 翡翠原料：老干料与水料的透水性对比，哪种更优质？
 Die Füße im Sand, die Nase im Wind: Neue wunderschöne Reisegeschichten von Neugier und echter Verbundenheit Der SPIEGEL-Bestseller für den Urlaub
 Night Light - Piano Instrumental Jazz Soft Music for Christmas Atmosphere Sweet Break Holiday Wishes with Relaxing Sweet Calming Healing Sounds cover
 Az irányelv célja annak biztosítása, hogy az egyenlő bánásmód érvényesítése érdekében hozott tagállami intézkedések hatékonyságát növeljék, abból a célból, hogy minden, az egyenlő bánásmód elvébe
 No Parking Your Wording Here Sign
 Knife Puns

==

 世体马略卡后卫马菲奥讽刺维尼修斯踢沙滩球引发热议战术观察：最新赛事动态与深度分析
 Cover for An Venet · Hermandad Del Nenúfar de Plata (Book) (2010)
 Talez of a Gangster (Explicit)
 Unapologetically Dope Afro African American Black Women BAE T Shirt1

## Problem to solve
Only the lines above from the one with "Cover for An" through the one with "Unapologetically Dope Afro" should be duplicated, character for character.

## Written solution
 Cover for An Venet · Hermandad Del Nenúfar de Plata (Book) (2010)
 Talez of a Gangster (Explicit)
 Unapologetically Dope Afro African American Black Women BAE T Shirt1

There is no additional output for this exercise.